La proliferación de los “quiosquitos” de venta de drogas en los barrios vulnerables –hay más de 220 barriadas pobrísimas- ha derivado en el aumento, nunca medido, de adictos y de la formación de estructuras de compraventa. Estas se sustentan en “soldaditos” que, al servicio de los transas, se ocupan del trasiego de droga y de dinero. Esos grupos –también llamados “clanes” y que la Policía y la Justicia Federal han identificado (el año pasado decían que había unos 22) son estructuras familiares violentas que han encontrado en el negocio del narcomenudeo una forma de vida más redituable que los robos y asaltos. Los cambios notorios detectados por la Policía y la Justicia (nunca bien mensurados) en la compraventa de drogas han derivado en los reclamos vecinales de que se haga algo contra esa actividad que, según esta lógica, es la verdadera responsable de la violencia. Lo cual habría que probarlo. A esto han contribuido las apreciaciones de algunos fiscales que en los últimos años señalaban que un alto porcentaje de los detenidos eran consumidores de drogas. Y en tiempos recientes, el Ministerio Público Fiscal advirtió que en diferentes allanamientos por diversos delitos se encontraba casi siempre droga. Con esto se llegó a la presunción de que la droga es la raíz de todos los males.
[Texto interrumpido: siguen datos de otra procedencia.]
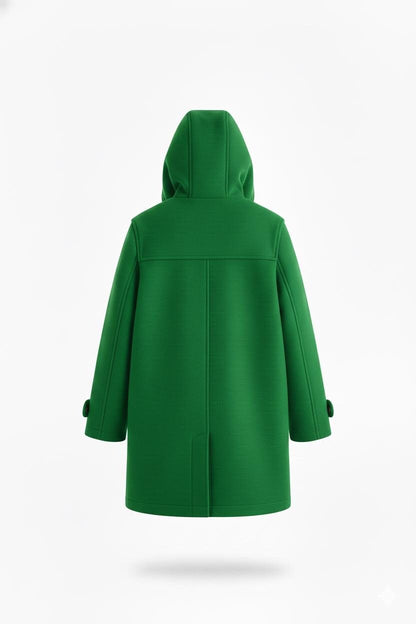 Women’s Winter Coat | Hooded Toggle Button Coat - Luxyecs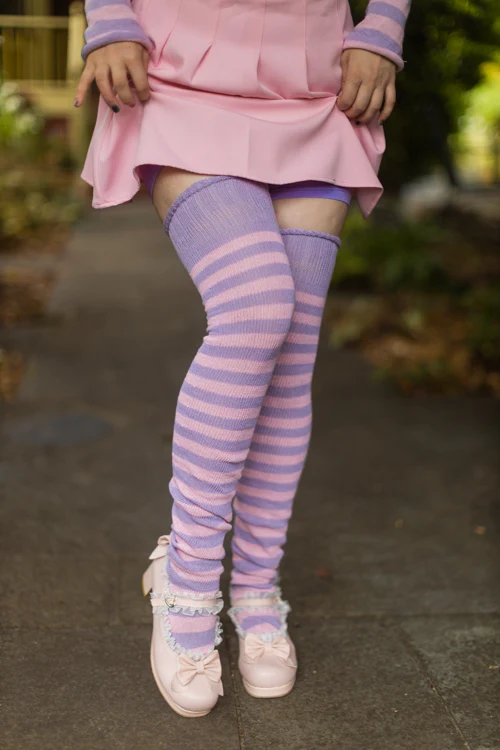 Super Stripes Thigh High Socks - Image 18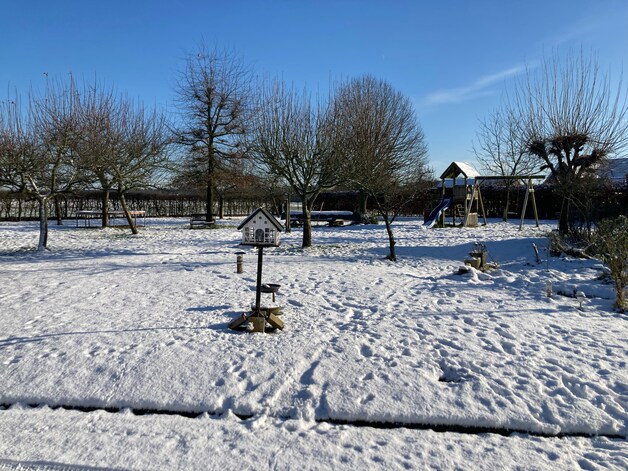 Sneeuw in Ravels.
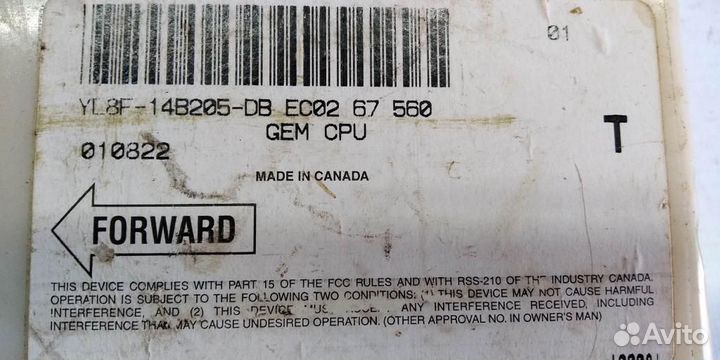 Эбу Mazda Tribute 01-07г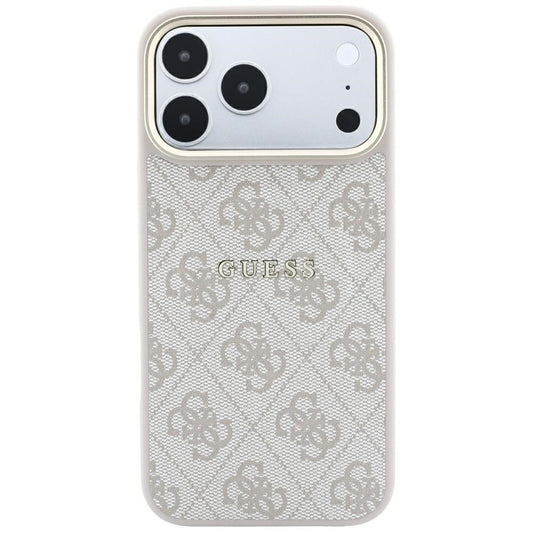 Калъф MagSafe за Apple iPhone 18 Pro Max / 17 Pro Max, Guess, 4G Embossed Classic, Розов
De ahí la frase del legislador Javier Pucharras (PJ) de que “los que trafican muerte se van a tener que preocupar” y la aseveración del vicegobernador, Osvaldo Jaldo, de que ahora van a “patear puertas” de los narcos.

2. Los “casos controvertidos”

El ministro Fiscal planteó hace unos días sus dudas: “es difícil dividir un delito”, dijo. Esto es, determinar cuándo se trata de tráfico menudo de sustancias y cuándo es de gran escala. ¿Hasta un kilo? ¿Hasta 10? Eso va a determinar que los policías tucumanos –o los nuevos fiscales y jueces- tengan que definir la competencia en el momento. La experiencia en los 14 años de vigencia de la ley nacional que propone la provincialización del narcomenudeo muestra que esto no se ha resuelto. El fiscal federal Pablo Camuña señaló que el principal punto ciego de este asunto son las “zonas grises” entre una organización narcocriminal internacional y un quiosco que vende dosis para consumo. Ese problema de dividir un delito es lo que motivó que pocas provincias adhirieran a la ley nacional: Buenos Aires (desde 2005), Córdoba (desde 2012), Salta, Chaco, Formosa y Entre Ríos. Tucumán insiste con su propuesta de 2014. “ Yo creo que es lo mismo que en 2014. No puedo hacer objeción porque la ley no está promulgada”, dice Jiménez. “Es una situación complicada desde lo legal porque hay una resolución de la Corte tucumana por la cual se suspendía la aplicación de la ley contra el narcomenudeo y ahora hay una insistencia legislativa. Hay que mirar bien”, agrega. (...)".

Todo esto sucede en la provincia que gestiona Manzur, donde en el penal bajo jurisdicciòn de la Gobernación, se 'cocina' cocaína. Debería prestarle un poco más de atención.